# Benchmarking image recognition models

The `LeNet` architecture is an example of a convolutional network architecture that emerged in the 1990.
Since then, the architecture of the networks have been improved and their complexity has increased.
The complexity of machine learning models can be quantified with the notion of [neuronal capacity](https://proceedings.neurips.cc/paper/2018/file/a292f1c5874b2be8395ffd75f313937f-Paper.pdf), which is related to the number of trainable parameters and the number of layers in the network.
Below you see a bar chart showing the evolution of the error rate as the models become more complex.
![image](./imagenet-learnopencv_com-generative-and-discriminative-models.png)

When addressing a problem with machine learning methods, a large part of the work is to compare models and their performances on some datasets of interests.

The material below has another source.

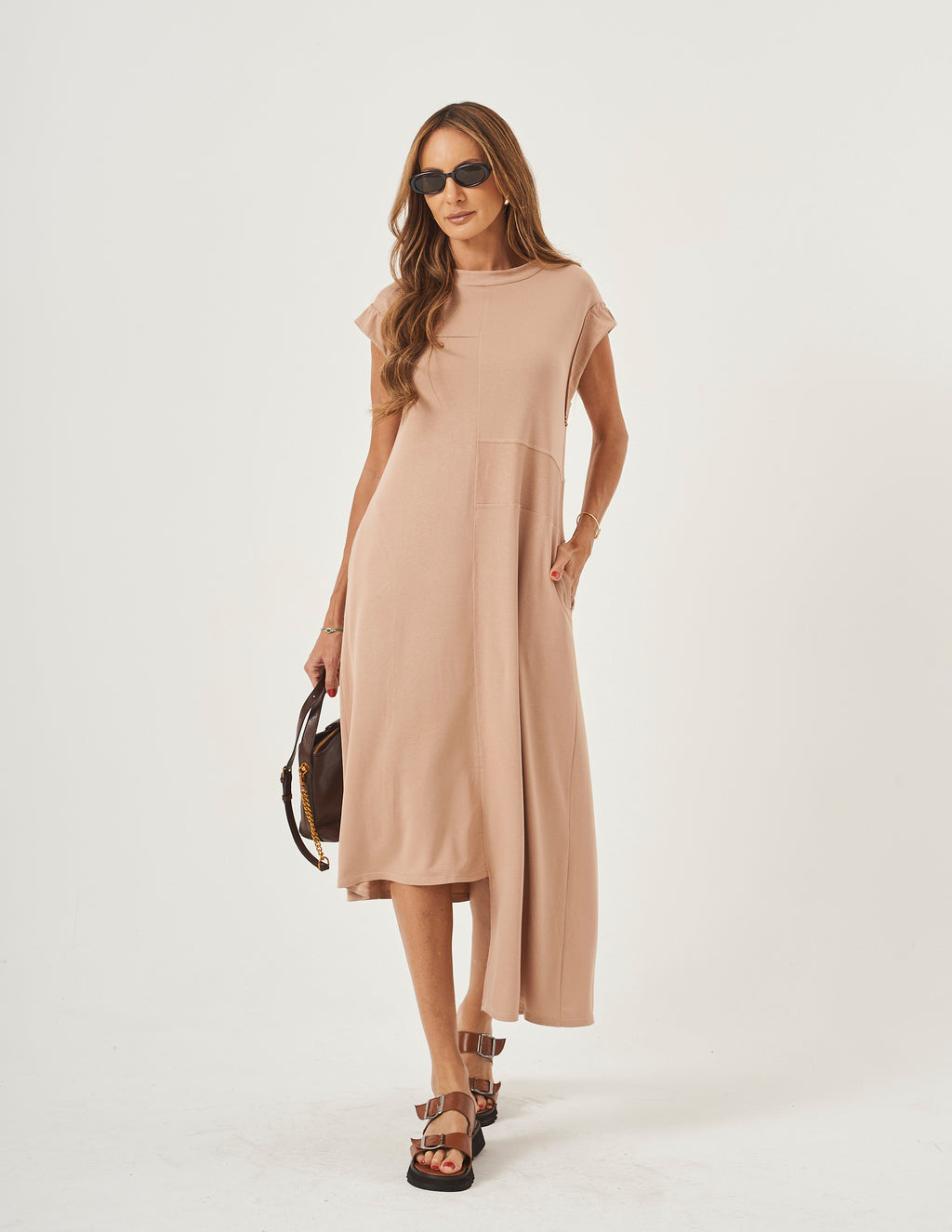 Vestido Desconstruído Jordana Bege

We propose to benchmark the performances of models with different architectures and complexity on image classification datasets. In order to save some training time, the models can be downloaded pre-trained on a large image dataset: [ImageNet](https://pytorch.org/vision/master/generated/torchvision.datasets.ImageNet.html) dataset. 
We will then re-train the models to fit our new image datasets. This touches upon the field of transfer learning which you will study in more details later in the course. You can also download models without pre-training.


Depending on your interest you might also want to define performance and complexity in different ways: 
- Performances can be understood as the test performances (e.g. accuracy), but for critical applications the test runtime can also be an important factor.
- Complexity can be understood for instance as the number of trainable parameters, the number of layers, the amount of memory required for training or the training time.


## Task
You are then free to attempt to answer different questions depending on your interests.
For instance:
1. What model gives the best performance/complexity tradeoff for a particular dataset ?
2. What model gives the best performance accross datasets ?

You could first choose at least two models and two datasets. Then train/retrain the models on each dataset and average the results accross datasets to get one "score" per model.

3. What model requires the most training/retraining to achieve a certain performance on a new dataset ?

Since the models and datasets might have mis-matching input and output sizes, a first task will be to make sure that the dimension of the networks and the dimension of the datasets match.
The models can then be re-trained on a new datasets and their performances evaluated.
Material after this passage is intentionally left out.